I am so pleased to be here for the 40th anniversary celebration of the Woods Memorial Branch Library. I am Freeman Wood's granddaughter, the child of his only daughter, Joan Woods Oels.
George Freeman Woods was born in Center Pont, Texas on August 11, 1905. When he was 3 years old, his family moved to St. David, Arizona Territory. At age 11, they moved to Benson and finally to Tucson in 1916. Freeman graduated from Tucson High School and in 1927 received a degree in agriculture from the University of Arizona.
While a young college student, Freeman and his brother Leonard helped their father run the family business- the Fairveiw Dairy. After the death of their father in 1932, Leonard and Freeman owned and operated the dairy until the early 60's. Although the dairy no longer exists, Fairview Avenue still does. It ran to the east of the farm. Fairview Dairy was one of 4 Tucson dairies, and one of the larger ones. The family grew their own cattle feed and had a garden to supply food for their own daily needs. The dairy processed their own milk and also provided cream and butter to the community.
Freeman was active in 4-H, where he judged cattle and worked with aspiring young farmers. After he retired from the dairy, he owned and operated the Southern Arizona Machinery Company.
In 1961, Freeman decided he wanted to give back to the community by serving on the Tucson City Council. He was elected on his first attempt and served three terms. In 1963, he was named Vice Mayor under Mayor Lew Davis. At the time of his death in 1969, he was dean of the City Council. His obituary said the following- "Mr. Woods advocated a strong fiscal policy, was a proponent of air pollution controls, a strong police department for the protection of his citizens and an opponent of bickering in City Hall matters. He also formulated many compromises between the Republican and Democratic battles over city policy." I find it interesting that the things he thought were important in the 60's are still issues of concern today.
Freeman Woods served on the Flowing Wells School Board and the Tucson Library Board. He served 4 terms as president of the Arizona Holstein-Friesian Association.
Far more important than any of these achievements was Freeman's personal life. In 1929, he met the woman who was to be his mate for life- Eleanor Margaret Treat. She accompanied him on the piano in church while he played the violin. They married in 1931 and raised three children, Joan, George Edward and Charles.

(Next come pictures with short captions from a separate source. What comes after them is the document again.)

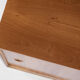 Midcentury sideboard in cherry wood with 2 sliding doors 1960s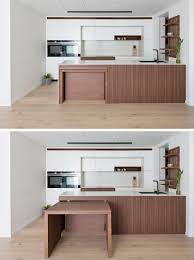 That's where you gather for meals and companionship. Design Detail A Dining Table Is Hidden Within This Kitchen
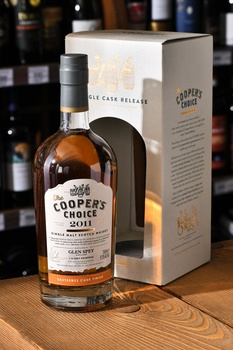 The Cooper’s Choice Glen Spey Sauternes Cask Finish - виски Зе Куперс Чойс Глен Спей Сотерн Каск Финиш 0.7 л в п/у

They were members of the First Baptist Church where Freeman taught Jr. and Sr. High boy's Sunday School, and was on the deacon board, a church moderator and chairman.
On July 3rd, 1969, at the age of 63, while returning from a visit to the east coast, my grandfather suffered a heart attack and died in Wilcox, Arizona. I was 11 when he died on my mother's birthday, and not a day goes by that I don't miss him. At the time of his death, Mayor James Corbett said "Tucson city government has suffered an immeasurable loss. Mr. Woods experience and knowledge were of great benefit to the Mayor and City Council and every citizen of this community." His widow, my grandmother, was named by Mayor Corbett to fulfill his term on the Library Board, an unusual thing for a woman in the 60's. By unanimous vote of the Tucson City Council, the nearly completed First Avenue Library was renamed the G. Freeman Woods Memorial Branch Library.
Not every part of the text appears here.